[Brief descriptive captions]
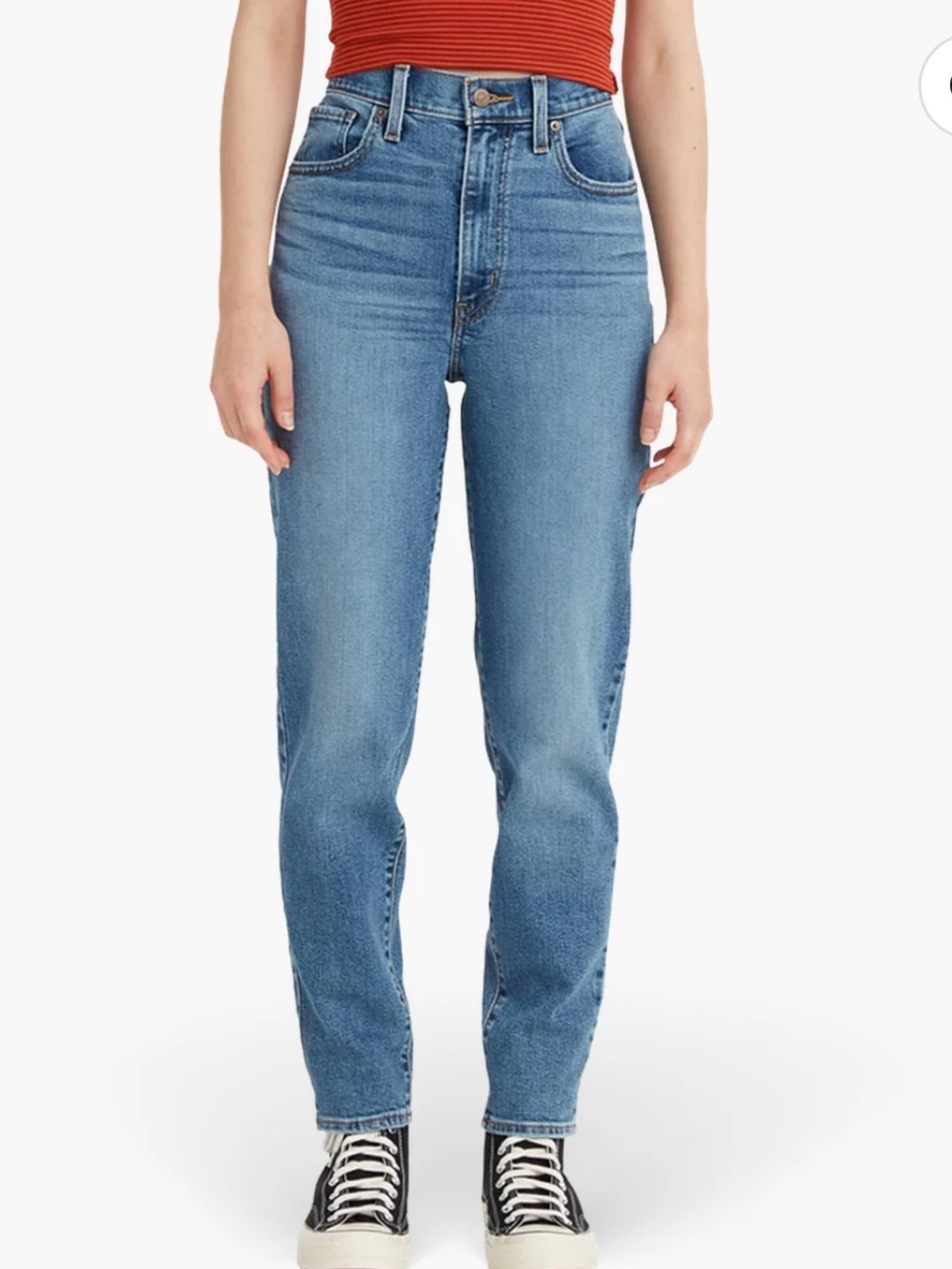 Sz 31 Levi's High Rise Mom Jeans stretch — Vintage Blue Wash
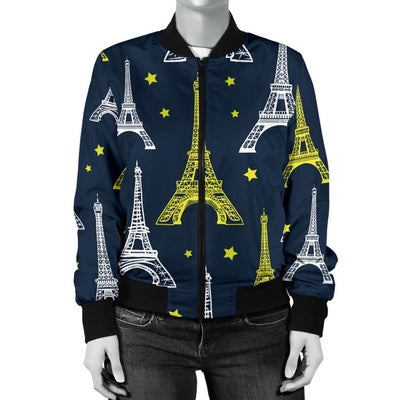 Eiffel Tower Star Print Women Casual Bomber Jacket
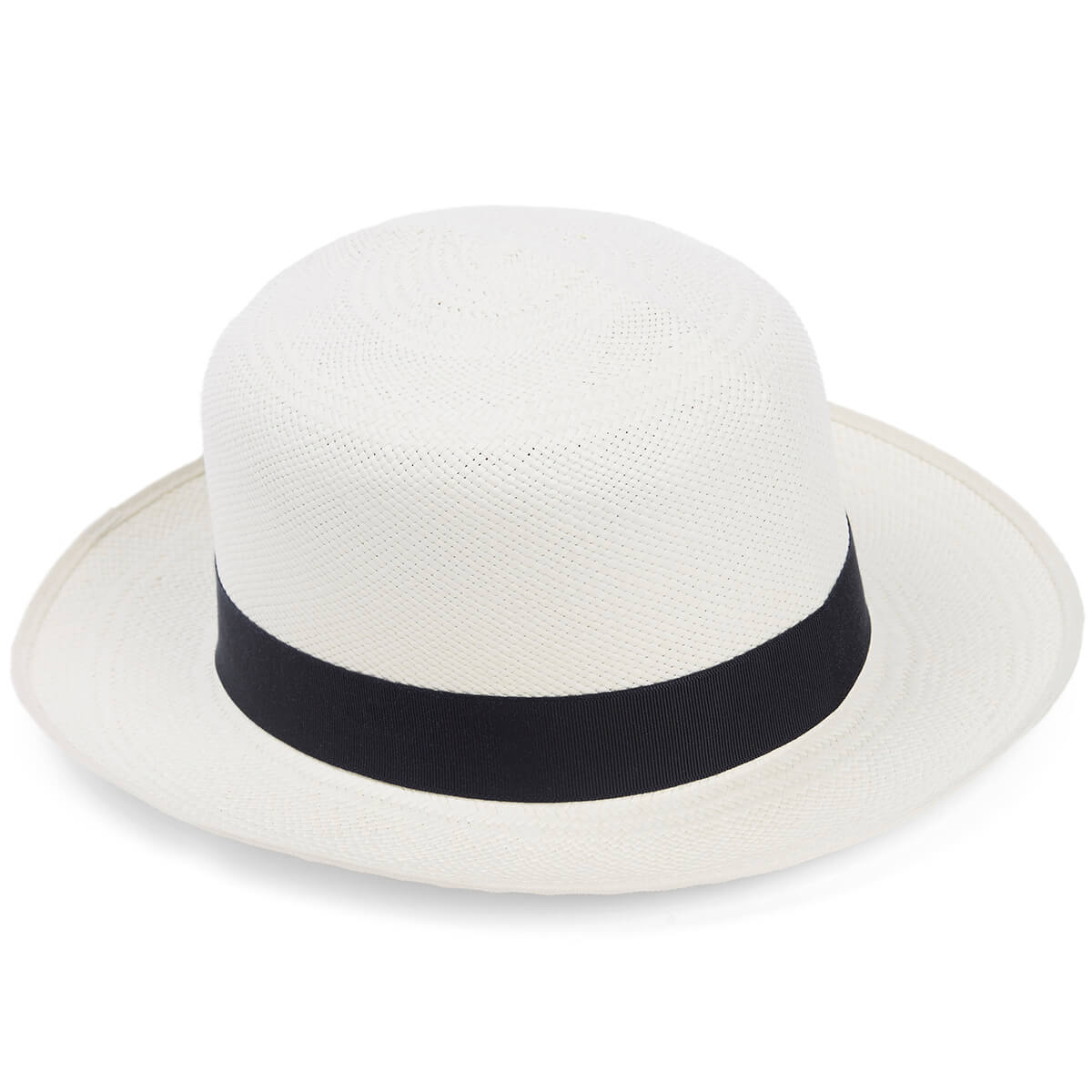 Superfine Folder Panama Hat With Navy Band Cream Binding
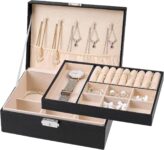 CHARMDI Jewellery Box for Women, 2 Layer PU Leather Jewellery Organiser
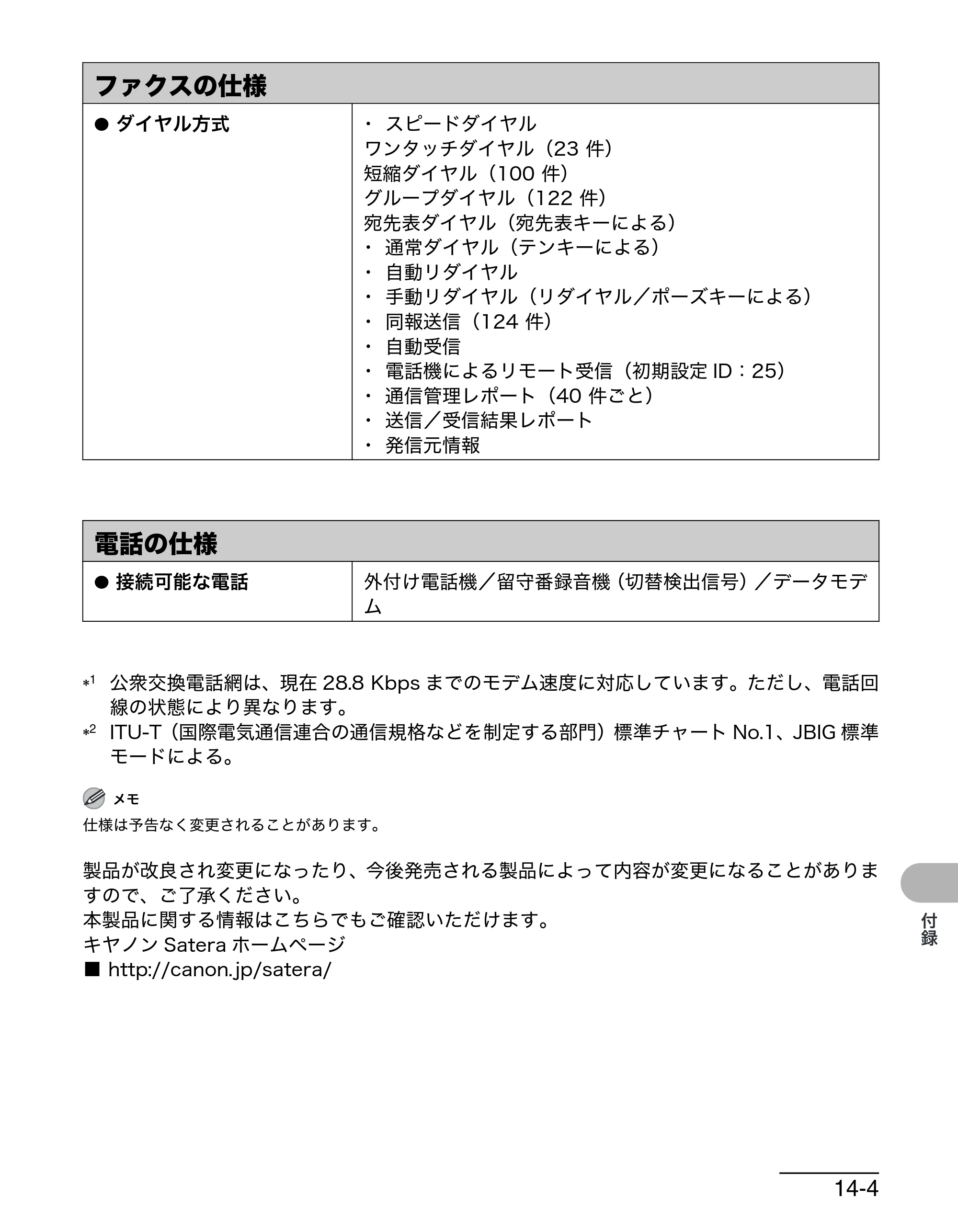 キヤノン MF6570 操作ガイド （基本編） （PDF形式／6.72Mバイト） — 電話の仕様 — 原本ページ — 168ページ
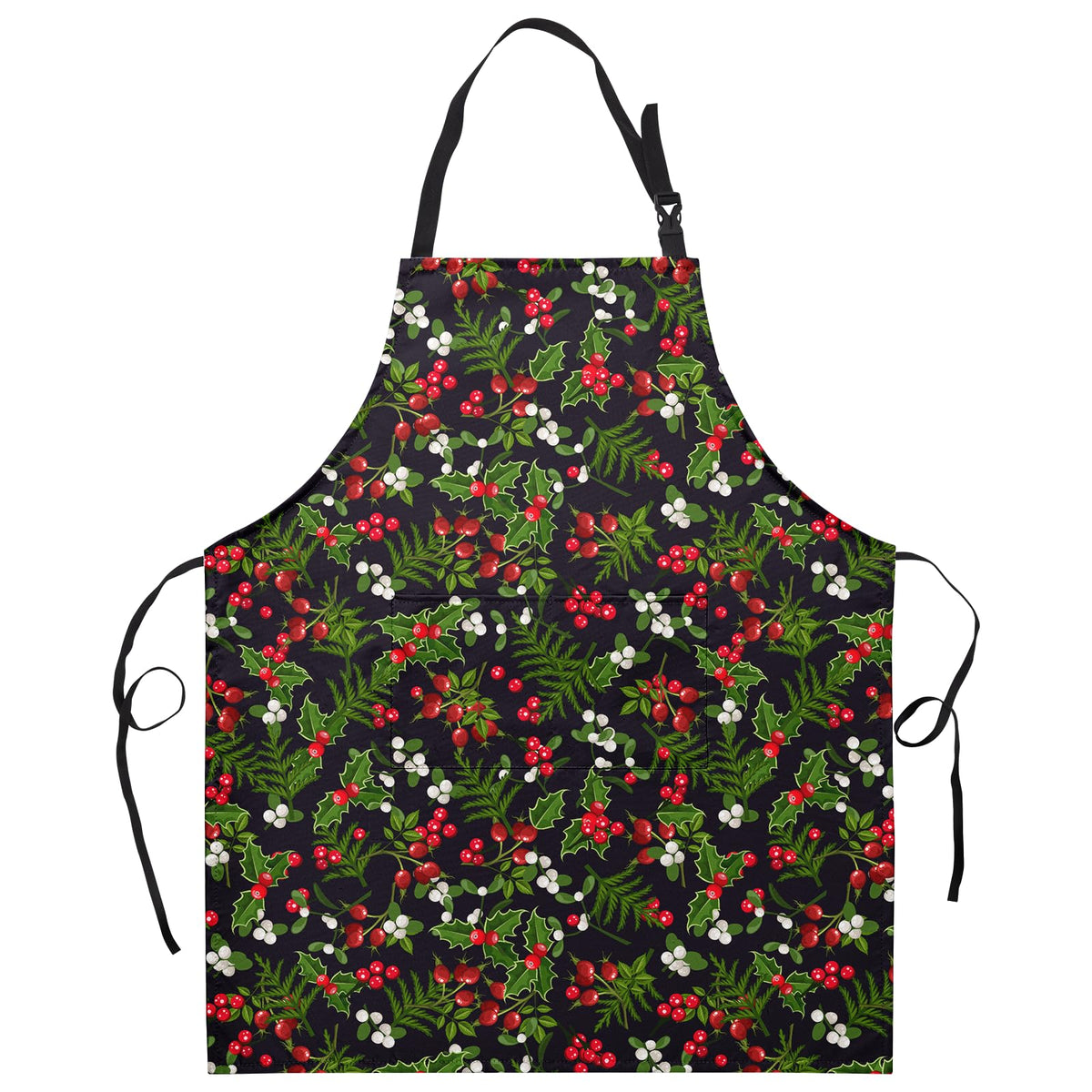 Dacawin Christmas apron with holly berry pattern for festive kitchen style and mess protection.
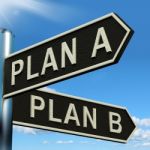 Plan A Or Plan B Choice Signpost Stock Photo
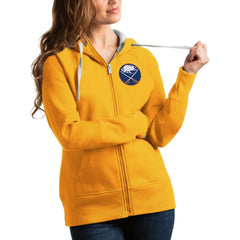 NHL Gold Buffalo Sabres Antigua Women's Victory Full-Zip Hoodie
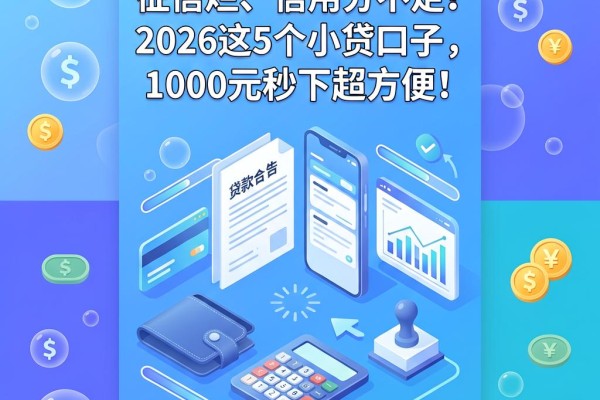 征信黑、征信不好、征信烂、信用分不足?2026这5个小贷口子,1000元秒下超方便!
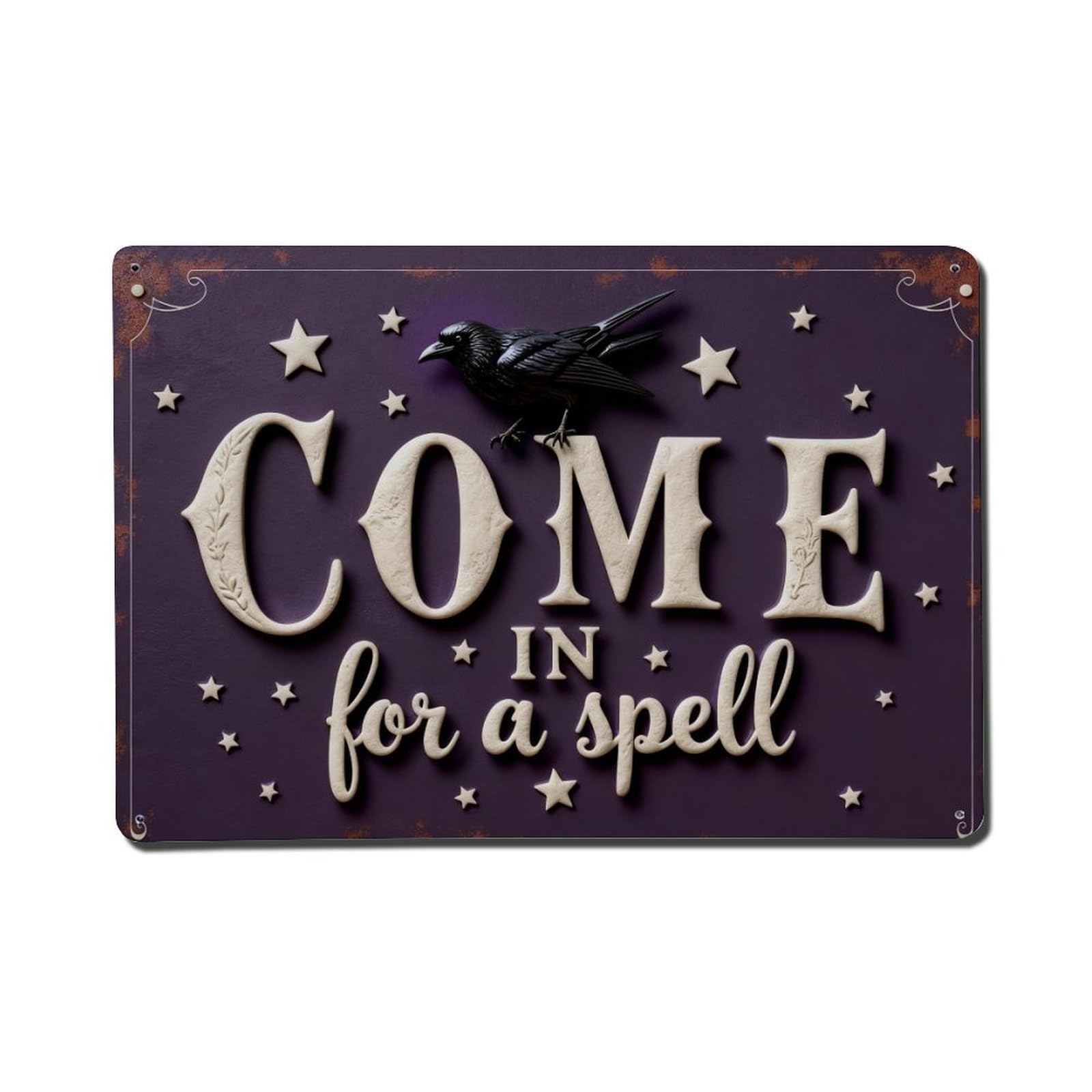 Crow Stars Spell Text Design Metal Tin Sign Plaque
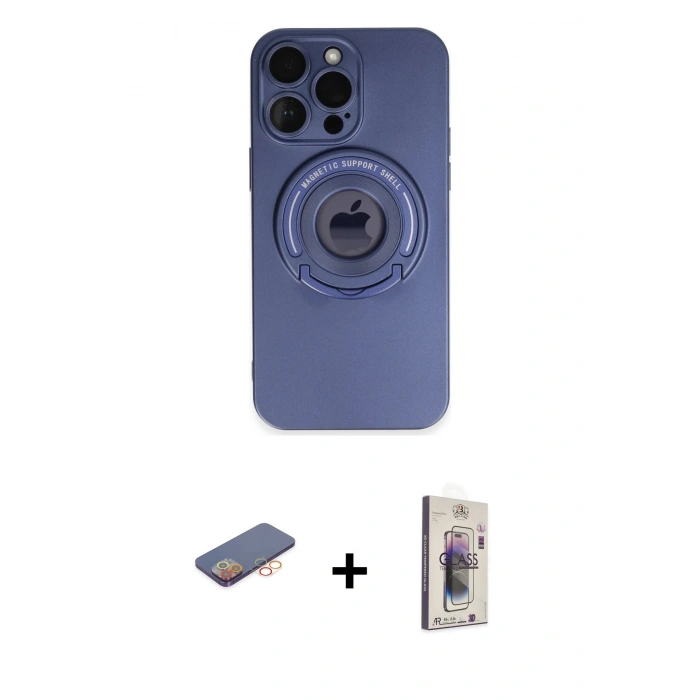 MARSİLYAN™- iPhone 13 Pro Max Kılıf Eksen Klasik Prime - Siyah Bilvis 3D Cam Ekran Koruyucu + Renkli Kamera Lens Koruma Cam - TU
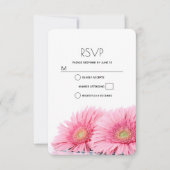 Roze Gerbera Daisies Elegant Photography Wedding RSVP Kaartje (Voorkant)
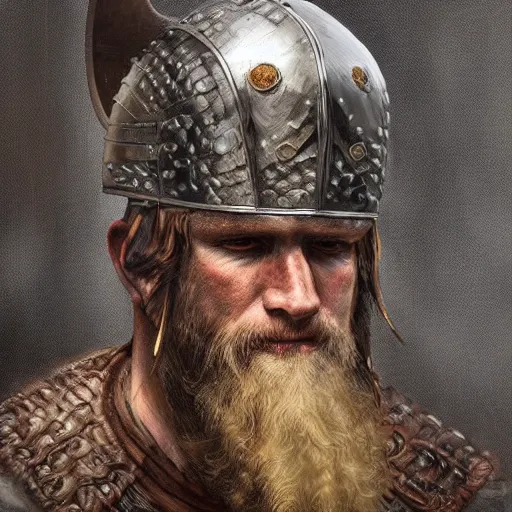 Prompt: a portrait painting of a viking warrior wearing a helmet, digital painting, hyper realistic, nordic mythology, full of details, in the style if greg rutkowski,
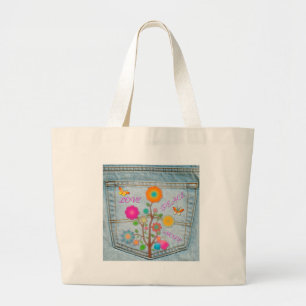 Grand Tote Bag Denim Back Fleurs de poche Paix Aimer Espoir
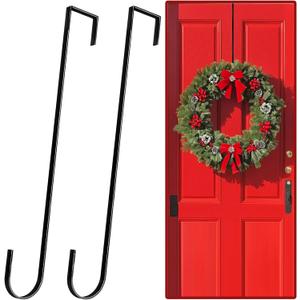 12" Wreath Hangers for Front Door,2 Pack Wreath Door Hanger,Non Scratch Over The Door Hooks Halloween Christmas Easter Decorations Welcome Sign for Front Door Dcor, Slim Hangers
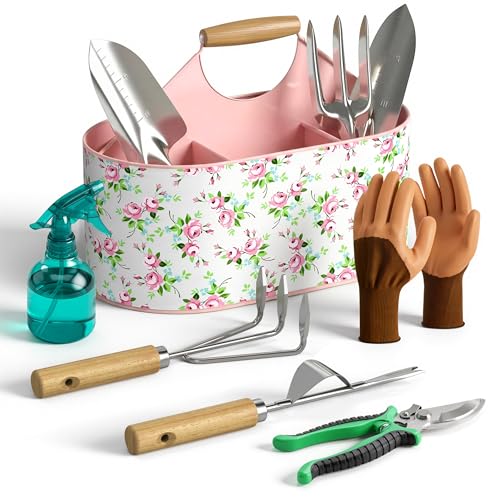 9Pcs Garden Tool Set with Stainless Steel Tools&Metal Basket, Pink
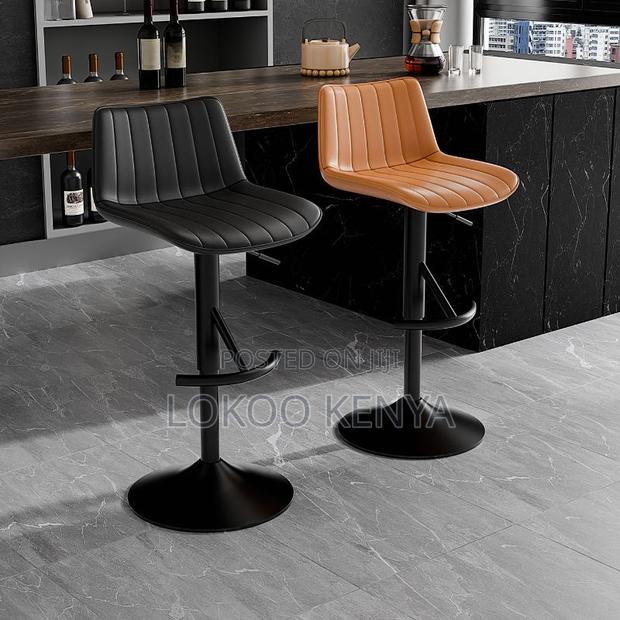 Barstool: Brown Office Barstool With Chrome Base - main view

## Exercise
All records, pictures excluded: copy them exactly.

## Answer below
 Sz 31 Levi's High Rise Mom Jeans stretch — Vintage Blue Wash
 Eiffel Tower Star Print Women Casual Bomber Jacket
 Superfine Folder Panama Hat With Navy Band Cream Binding
 CHARMDI Jewellery Box for Women, 2 Layer PU Leather Jewellery Organiser
 キヤノン MF6570 操作ガイド （基本編） （PDF形式／6.72Mバイト） — 電話の仕様 — 原本ページ — 168ページ
 Dacawin Christmas apron with holly berry pattern for festive kitchen style and mess protection.
 Plan A Or Plan B Choice Signpost Stock Photo
 NHL Gold Buffalo Sabres Antigua Women's Victory Full-Zip Hoodie
 征信黑、征信不好、征信烂、信用分不足?2026这5个小贷口子,1000元秒下超方便!
 Crow Stars Spell Text Design Metal Tin Sign Plaque
 MARSİLYAN™- iPhone 13 Pro Max Kılıf Eksen Klasik Prime - Siyah Bilvis 3D Cam Ekran Koruyucu + Renkli Kamera Lens Koruma Cam - TU
 Roze Gerbera Daisies Elegant Photography Wedding RSVP Kaartje (Voorkant)
 Prompt: a portrait painting of a viking warrior wearing a helmet, digital painting, hyper realistic, nordic mythology, full of details, in the style if greg rutkowski,
 Grand Tote Bag Denim Back Fleurs de poche Paix Aimer Espoir
 12" Wreath Hangers for Front Door,2 Pack Wreath Door Hanger,Non Scratch Over The Door Hooks Halloween Christmas Easter Decorations Welcome Sign for Front Door Dcor, Slim Hangers
 9Pcs Garden Tool Set with Stainless Steel Tools&Metal Basket, Pink
 Barstool: Brown Office Barstool With Chrome Base - main view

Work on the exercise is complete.